Some of those “structures” Blazar referred to include course programs. Blazar said that the courses range in who they target – different classes for people at different career levels, from PhD candidates to more senior university faculty – and in what their focus is – from career development to research strategies, and more.
Grant money also goes toward day-to-day resources including salary support for staff, and to helping get research from the “bench to the patient,” said Blazar. This encompasses offering study design analysis, easing administrative burdens of studies, bringing in experts from the patent and technology transfer industry to provide advice, and otherwise aiding in developing a pathway to the clinic.

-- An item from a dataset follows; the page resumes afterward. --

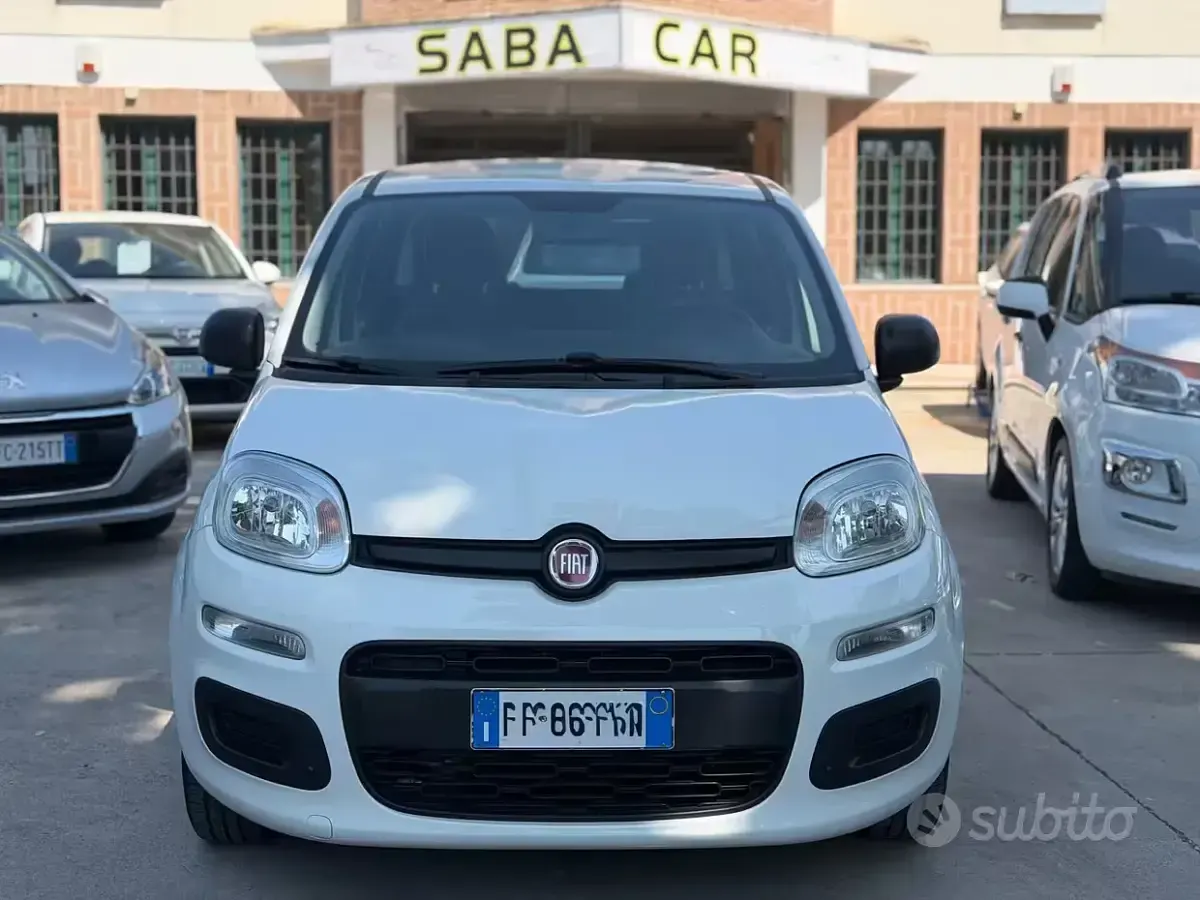 Usata Fiat Panda Lounge 69 CV (50 kW) 2016 Bianco Utilitaria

Additionally, the grant funding is used for community outreach. Blazar said they look to target underrepresented populations, including children, older individuals and those with addictions to heroin and opioids. Case in point: the opioid health crisis is the focus of one beneficiary of the initial $51 million grant. The original grant also helped fund a rapid infection diagnostic tool and improving health outcomes for incarcerated women and their families.
Money from the 2011 award enabled her to organize a community forum on opioid use. It brought together people from the rural community and Minnesota’s tribal nation to provide information and engage them in a dialogue.
“[The grant helped] launch my career in terms of community outreach,” said Laura Palombi, a pharmacist who specializes in public health. Without the original $51 million grant, Palombi believes an opium awareness forum she created in northern Minnesota would never have happened.
“[The program is] really giving new researchers an opportunity,” she said.
Since the first grant-assisted forum in the fall of 2015, Palombi has organized a forum every couple of months – not all of which, though, were on opioids. She’s already expecting fierce competition for the new $42.6 million grant money.
“We are not focused on a particular disease or problem,” said Blazar. “[The money is for] providing the resources – personnel and financial – to help the most meritorious works. We have very well-defined plans for distribution.”
Those plans include helping partners of CTSI, as the institute is part of a consortium of entities that collaborate on health goals and works closely with key figures in the Minnesota health scene. One of their approximately 19 area partners is the Hennepin County Medical Center. CTSI also collaborates with the Mayo Clinic.
Moreover, Blazar noted that between money awarded to the Mayo Clinic and CTSI, $91.5 million in federal clinical and translational research funding has been infused across the state in the last six months. He said that money, in particular, was aiding the state’s efforts to be a major national player in medicine.
“Every new therapy we bring forward, every patent, every new initiative we have to support, brings resources, people or funds into the state,” said Blazar. “And because there’s a relatively sizable amount of money involved, it has a proportional impact.”
Blazar said they initially applied for the grant in January 2016, were told to strengthen certain aspects, resubmitted the application and were approved last summer. He explained the committee wanted to see approaches to shorten human subject approval time, expanded workforce diversity, and an overarching vision of what CTSI wanted to do.
“Our vision,” Blazar explained, “[is to] facilitate infrastructure needed, which includes the training of the next generation of researches, in a way that… [focuses on] ‘bench to bedside’ and touches on community population needs.”
The U’s proposal, he added, emphasized the school’s and region’s historical significance in medicine. Upon receiving the first year’s worth of grant funding in March, Blazar said CTSI is ready to continue their mission.
“It’s not just about lab research that gets all the attention,” said Palombi. “It’s about the impact on the community… I know it’s going to make a huge difference for people in the state of Minnesota.”